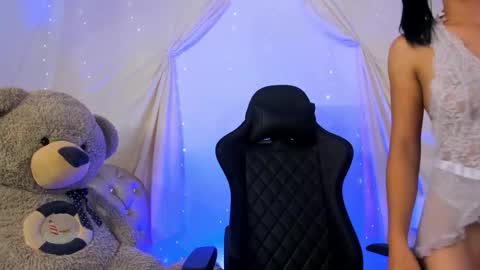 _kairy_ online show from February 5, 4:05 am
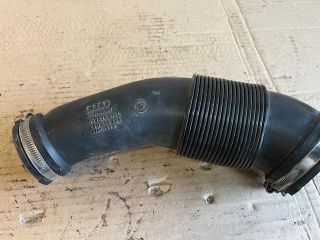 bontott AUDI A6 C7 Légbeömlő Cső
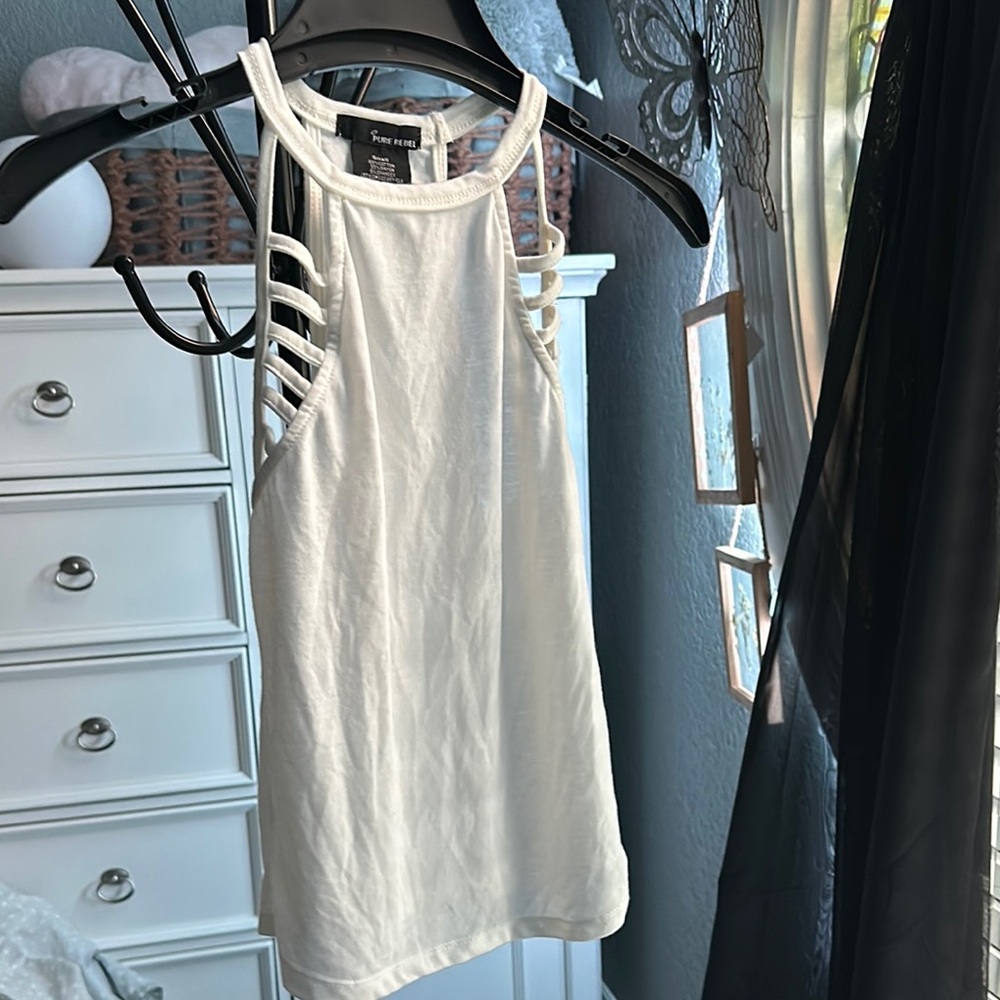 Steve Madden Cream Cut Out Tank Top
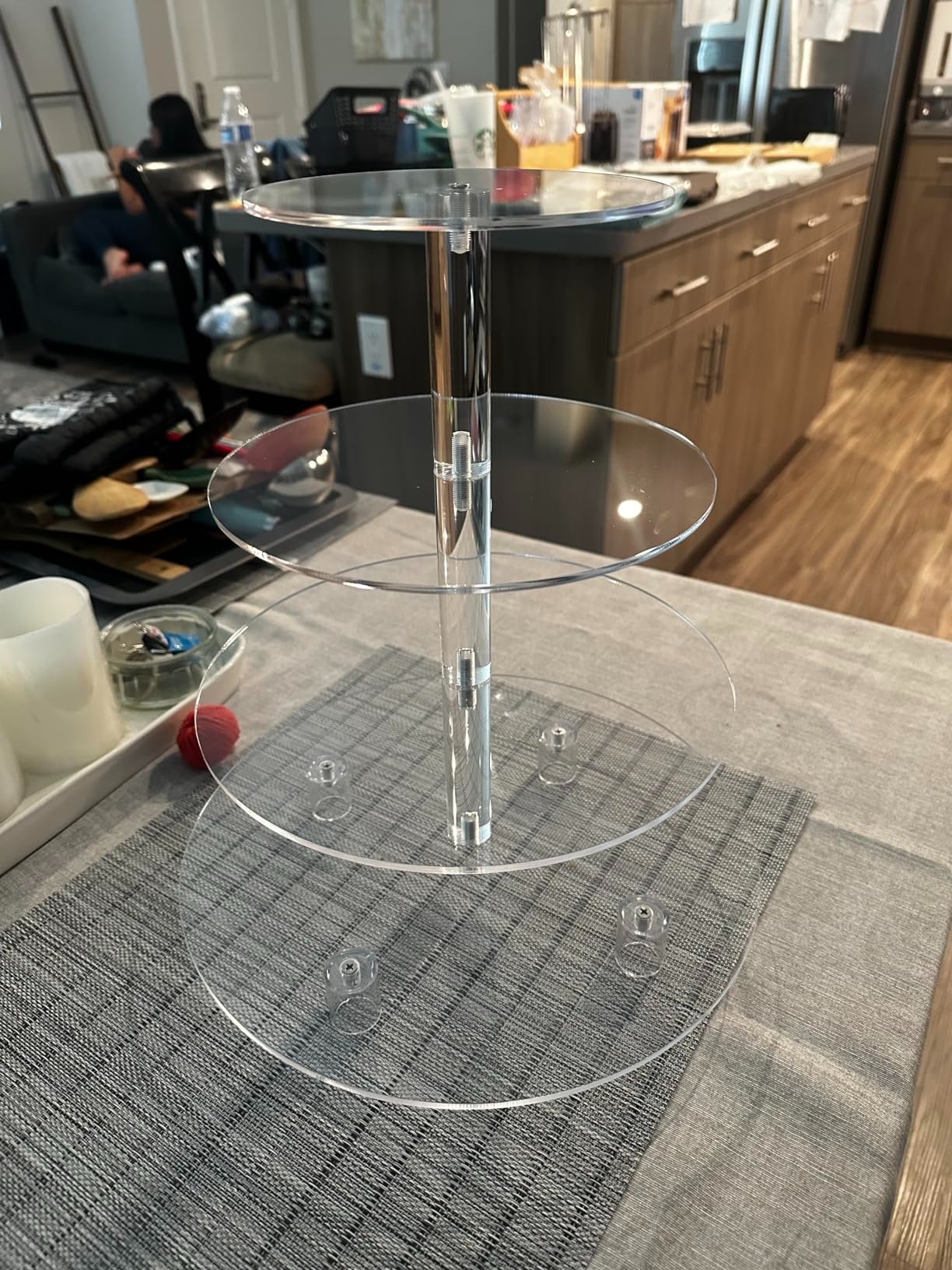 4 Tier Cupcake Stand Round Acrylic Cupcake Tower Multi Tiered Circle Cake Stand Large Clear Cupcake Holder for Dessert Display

◆ **Exercise**:
Would you retype the material exactly, omitting each picture?

◆ **Solved problem**:
 _kairy_ online show from February 5, 4:05 am
 bontott AUDI A6 C7 Légbeömlő Cső
 Steve Madden Cream Cut Out Tank Top
 4 Tier Cupcake Stand Round Acrylic Cupcake Tower Multi Tiered Circle Cake Stand Large Clear Cupcake Holder for Dessert Display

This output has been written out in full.